Project 01 - Concurrent Web Scraper
Objective
Build a concurrent web scraper that fetches and parses a list of URLs in parallel, producing structured output including each URL's HTTP status, page title, word count, and outbound links. You will implement the scraper twice - once using concurrent.futures.ThreadPoolExecutor and once using asyncio with aiohttp - and compare the two approaches on real-world data.
This project tests your ability to design a concurrent system that is polite (rate-limiting, respect for domains), resilient (retry with backoff, timeout handling), and correct (no data races, clean error reporting on partial failures).
What to Build
Core Requirements
Your scraper must accept a list of URLs (from a file or command-line arguments) and produce a structured result for each URL:
@dataclass
class ScrapeResult:
url: str
status: int | None # HTTP status code, None on connection error
title: str | None # <title> tag content, None if not found
word_count: int # word count of visible body text
links_found: list[str] # all <a href="..."> absolute URLs on the page
error: str | None # error message if fetch failed, else None
fetched_at: str # ISO-8601 timestamp when fetch completed
duration_ms: int # time from request start to response complete
Implementation A - ThreadPoolExecutor
File: scraper_threads.py
from concurrent.futures import ThreadPoolExecutor, as_completed
import requests
from typing import Callable
def scrape_url(url: str, timeout: float = 10.0) -> ScrapeResult:
"""Fetch and parse a single URL synchronously. Called from a thread."""
...
def scrape_all_threaded(
urls: list[str],
max_workers: int = 10,
timeout: float = 10.0,
on_result: Callable[[ScrapeResult], None] | None = None,
) -> list[ScrapeResult]:
"""
Scrape all URLs using a ThreadPoolExecutor.
Args:
urls: URLs to scrape.
max_workers: Maximum concurrent threads.
timeout: Per-request timeout in seconds.
on_result: Optional callback invoked as each result completes.
Returns:
List of ScrapeResult, one per URL, in completion order.
"""
...
Implementation B - asyncio + aiohttp
File: scraper_async.py
import asyncio
import aiohttp
from typing import Callable, Awaitable
async def scrape_url_async(
session: aiohttp.ClientSession,
url: str,
semaphore: asyncio.Semaphore,
timeout: float = 10.0,
) -> ScrapeResult:
"""Fetch and parse a single URL asynchronously."""
...
async def scrape_all_async(
urls: list[str],
concurrency: int = 10,
timeout: float = 10.0,
on_result: Callable[[ScrapeResult], Awaitable[None]] | None = None,
) -> list[ScrapeResult]:
"""
Scrape all URLs using asyncio and aiohttp.
Args:
urls: URLs to scrape.
concurrency: Maximum concurrent in-flight requests (semaphore limit).
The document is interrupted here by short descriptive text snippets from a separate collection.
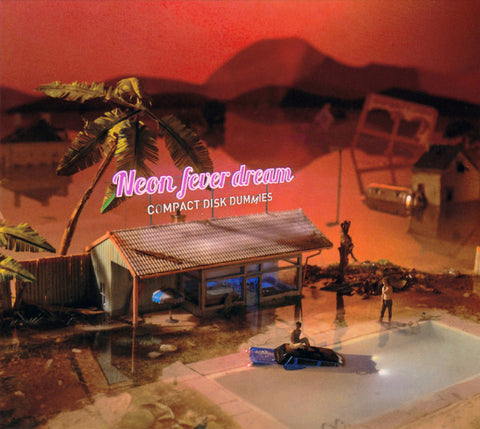 Compact Disk Dummies - Neon Fever Dream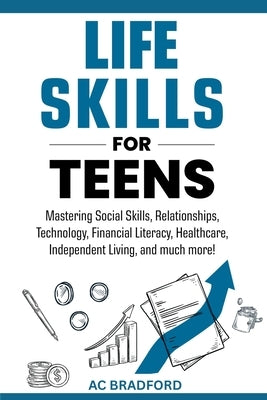 Life Skills for Teens: Mastering Social Skills, Relationships, Technology, Financial Literacy, Healthcare, Independent Living, and much more! by Bradford, Ac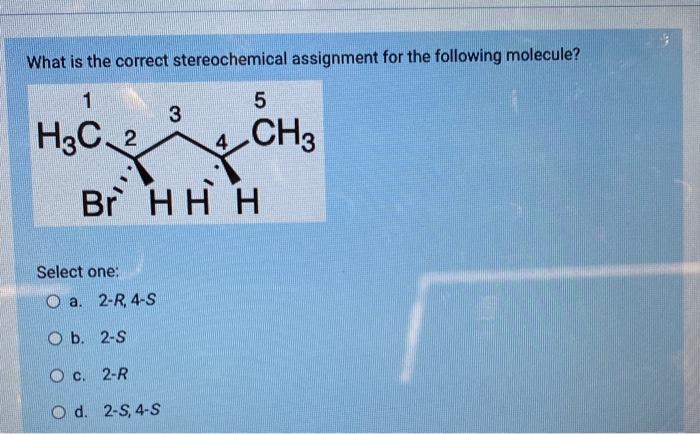 Solved What is the correct stereochemical assignment for the | Chegg.com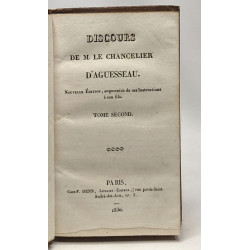 Discours de M. le Chancelier d'Aguesseau - nouvelle édition...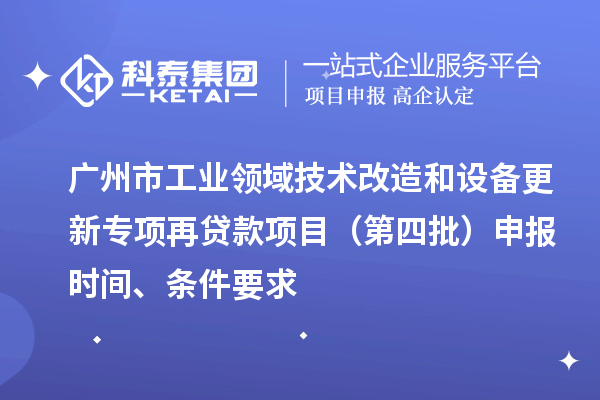 廣州市工業(yè)領(lǐng)域技術(shù)改造和設(shè)備更新專項再貸款項目（第四批）申報時間、條件要求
timeout: Per-request timeout in seconds.
on_result: Optional async callback invoked as each result completes.
Returns:
List of ScrapeResult, one per URL, in completion order.
"""
...
Technical Requirements
Requirement 1 - Configurable Concurrency Limit
Both implementations must accept a max_workers (threads) or concurrency (async) parameter that caps how many requests are in flight simultaneously.
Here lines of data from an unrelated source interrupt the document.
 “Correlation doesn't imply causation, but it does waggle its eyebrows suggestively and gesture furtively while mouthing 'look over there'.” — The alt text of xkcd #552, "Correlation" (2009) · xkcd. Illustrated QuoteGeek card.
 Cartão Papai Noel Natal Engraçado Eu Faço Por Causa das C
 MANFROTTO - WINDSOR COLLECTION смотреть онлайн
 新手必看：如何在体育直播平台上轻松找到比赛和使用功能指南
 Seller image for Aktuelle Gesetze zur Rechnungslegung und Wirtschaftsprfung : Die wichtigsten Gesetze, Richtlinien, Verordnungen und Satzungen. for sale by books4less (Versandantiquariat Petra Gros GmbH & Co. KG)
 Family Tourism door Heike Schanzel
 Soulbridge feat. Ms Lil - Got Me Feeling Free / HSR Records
- For the threaded version:
ThreadPoolExecutor(max_workers=max_workers) - For the async version:
asyncio.Semaphore(concurrency)- acquire before each request, release after
Enforce the limit strictly. A scraper launched with concurrency=5 must never have more than 5 simultaneous HTTP connections open.
Requirement 2 - Retry with Exponential Backoff
Both implementations must retry failed requests up to a configurable number of times. A failure is any of:
- Connection error (
ConnectionError,aiohttp.ClientConnectionError) - Timeout (
requests.Timeout,asyncio.TimeoutError) - HTTP 5xx response (server errors - worth retrying)
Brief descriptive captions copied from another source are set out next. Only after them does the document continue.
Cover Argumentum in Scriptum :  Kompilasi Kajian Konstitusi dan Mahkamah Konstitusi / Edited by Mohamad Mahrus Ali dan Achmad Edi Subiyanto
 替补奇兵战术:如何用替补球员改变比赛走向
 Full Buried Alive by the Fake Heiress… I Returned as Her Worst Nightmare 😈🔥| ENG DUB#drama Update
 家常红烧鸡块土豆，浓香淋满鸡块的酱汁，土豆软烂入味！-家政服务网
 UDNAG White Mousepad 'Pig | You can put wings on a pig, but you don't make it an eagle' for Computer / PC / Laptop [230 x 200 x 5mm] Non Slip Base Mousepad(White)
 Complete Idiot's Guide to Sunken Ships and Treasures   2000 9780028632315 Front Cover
Do not retry HTTP 4xx responses (404, 403, etc.) - these are permanent client errors.
def with_retry(fn, max_retries: int = 3, base_delay: float = 1.0):
"""
Call fn() up to max_retries times with exponential backoff.
Backoff: base_delay * (2 ** attempt) * random.uniform(0.5, 1.5)
Returns the first successful result, or raises the last exception.
"""
The async version must use asyncio.sleep() for delays, not time.sleep().
Requirement 3 - Per-Request Timeout
Every HTTP request must have a timeout. A request that takes longer than timeout seconds must be cancelled and recorded as a timeout error - it must not block the entire scrape.
# Threaded version:
response = requests.get(url, timeout=timeout) # applies connect + read timeout
# Async version:
async with asyncio.timeout(timeout): # Python 3.11+, or asyncio.wait_for for 3.10
async with session.get(url) as response:
content = await response.text()
Requirement 4 - Domain-Level Rate Limiting
To avoid hammering any single server, your scraper must enforce a minimum delay between successive requests to the same domain. The delay is configurable (default: 1 second).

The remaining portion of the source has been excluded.